To date, nothing is known about the aetiology of PWPS. Previous studies on other white syndromes (white band disease (WBD), white plague disease (WP), progressive white syndromes (PWS), Australian subtropical white syndrome (ASWS), Acropora white syndrome in American Samoa (AWS), and Porites bleaching with tissue loss (PBTL)) have characterized organisms (bacteria, ciliates, helminths, fungi, algae) associated with both healthy and diseased coral colonies. These investigations have allowed identification of a number of putative pathogens [14][22]. Evidence of the involvement of bacteria as causative agents has been suggested in some studies on several of the WS observed on scleractinian corals [23][26]. For example Serratia marcescens has been reported to be linked with white pox disease (WPD) in the Elkhorn coral Acropora palmata [25] and Vibrio owensii to be the aetiological agent of Montipora white syndrome (MWS) in the Hawaiian coral Montipora capilata [27]. However, some of these potential causative agents have i) not been fully characterised in terms of fulfilling all Koch’s postulates [28] or ii) have been biased by the execution of infection trials with a specific pathogen rather than testing for multiple potential pathogens. Finally, no clear link between the proposed pathogens and signs of disease has been demonstrated at the gross and cellular level in aquaria or the field.

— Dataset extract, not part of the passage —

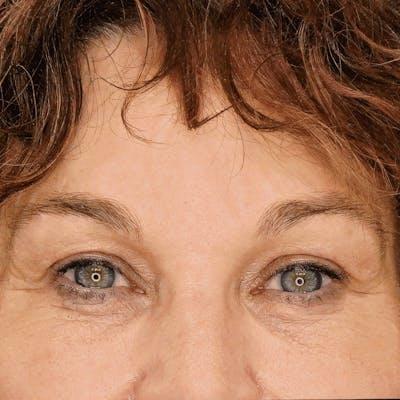 Fulcrum Aesthetics and Surgery after — Chicago, IL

This study aimed to provide the first characterisation of bacterial communities associated with healthy and PWPS-affected massive colonies of P. lutea in three WIO regions: Mayotte, South Africa and Reunion. The sampling sites included a continental African reef and two oceanic islands separated by over 1500 km of mostly oceanic water masses. These sites were selected to highlight general microbial patterns associated with this disease and the host. The investigation presented here used both histopathology and culture-independent molecular (clone libraries) techniques. The main objectives were to i) describe the microscopic morphology of lesions in corals, and ii) identify the most represented bacteria associated with both healthy and infected coral tissues collected at the three localities.

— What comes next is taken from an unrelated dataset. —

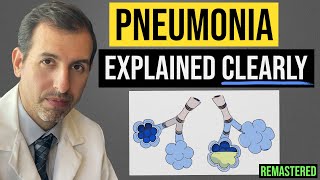 Pneumonia Explained Symptoms Diagnosis Labs Treatment [upl. by Neros]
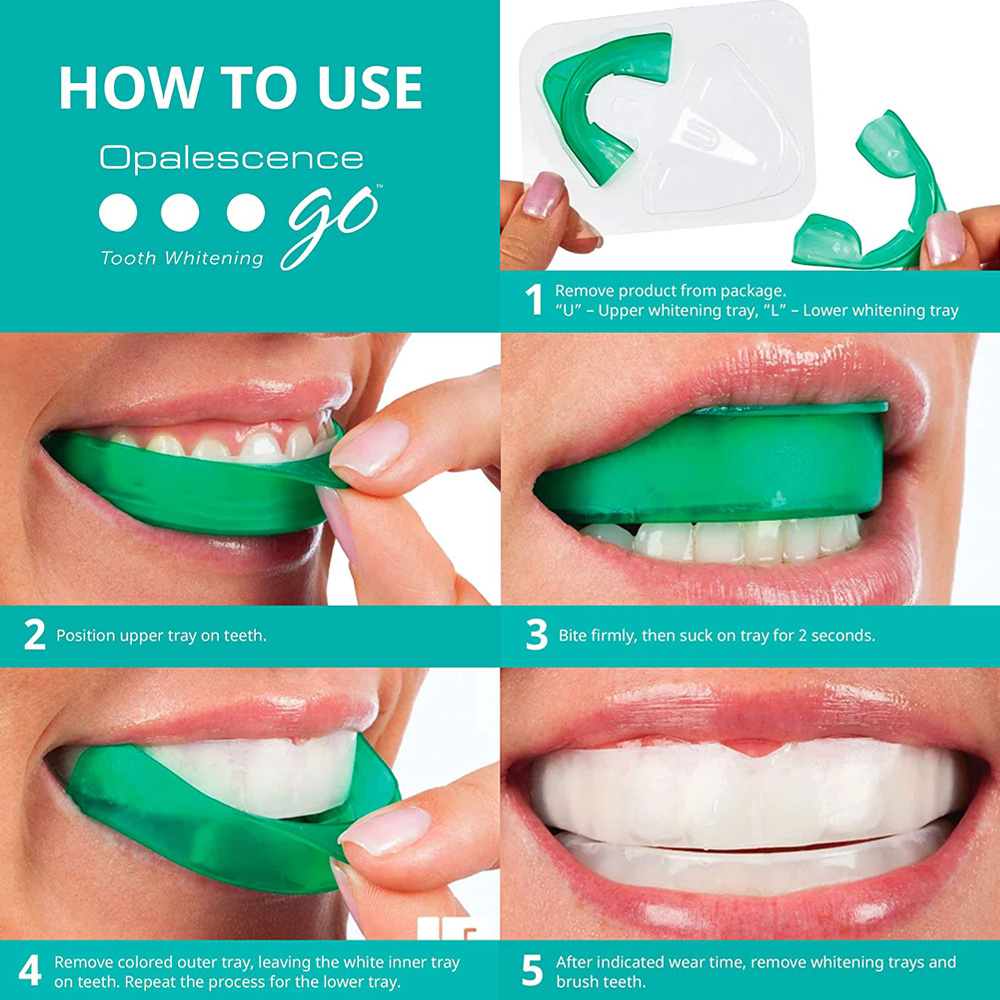 Opalsagesse Go-Bacs préremplis - Teeth Whitening At Home avis et prix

The sampling of Porites lutea colonies for this study was authorised by the French Department of Ecology, Sustainable Development, Transportation and Housing (DEAL), the Isimangaliso Wetland Park (South Africa) and CITES (Permit no. FR1197400391-FR1197400394-1).

Sample collection

Individual samples of Porites lutea exhibiting signs of PWPS were collected in South Africa, Reunion and Mayotte (Fig.1) using SCUBA. At each location, samples were collected from three healthy corals and colonies with signs of PWPS-infection (ntotal = 18 samples). Diseased tissues (DT) were sampled from the lesion boundary interface with visually healthy tissue (HT), and samples of HT were collected from visually healthy colonies with no signs of disease. Cores of both HT and DT (2.2 cm diameter to a depth of 0.5–1 cm) were collected using a sterile stainless steel core tube and placed individually in sterile disposable 50 ml polypropylene centrifuge tubes. Upon reaching the shore, the seawater within each tube was drained for 10 minutes, replaced with 100% ethanol and stored at –20°C for subsequent DNA extraction and molecular analysis. Due to time and environmental constraints, corals exhibiting signs of PWPS could not be monitored for lesion progression.

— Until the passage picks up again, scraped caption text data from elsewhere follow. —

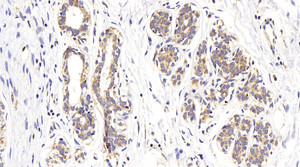 Immunohistochemistry analysis of paraffin-embedded human breast cancer using ATG7 Polyclonal Antibody at dilution of 1:400.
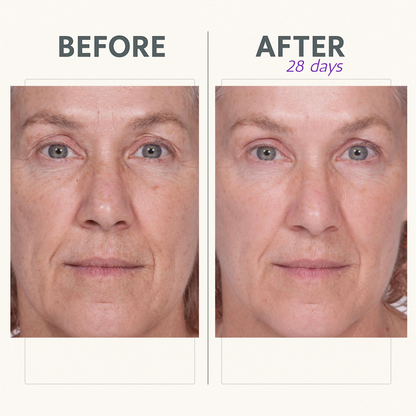 Reverse Lift Serum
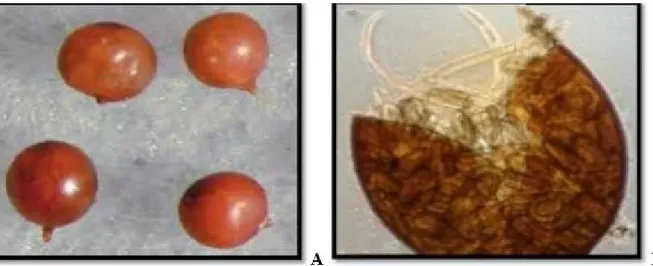 Figure 8 : Description morphologique de Globodera (A) kyste de Globodera sp. (B) kyste  ouvert de Globodera sp (LNPV, 2013)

Figure 1. PWPS on Porites lutea (A) and map of the Western Indian Ocean showing the sampling locations (B).

Additional core samples were simultaneously collected at each location from five HT and five DT colonies using a hammer and chisel and fixed in 4% formalin for histopathology. Samples were protected in 1.5% (w/v) agarose to retain the spatial integrity of the tissues and microbial communities. They were then decalcified using 1% HCl and EDTA renewed every 12 h until the process was complete. Tissues from the decalcified fragments were dehydrated in a series of ethanol baths, cleared with xylene and embedded in paraffin wax. Sections of 6–8 µm were cut using a microtome, mounted on glass slides and stained with Harris haematoxylin and eosin with phloxine B to diagnose tissue fragmentation, necrosis and the presence of invasive organisms. Serial sections of the affected cells or tissues were examined under a light microscope at different magnifications (×200, ×400, ×1000) and photographed using NIS Element software (Nikon©). The number of colonies sampled per region for histology is presented in Table 1.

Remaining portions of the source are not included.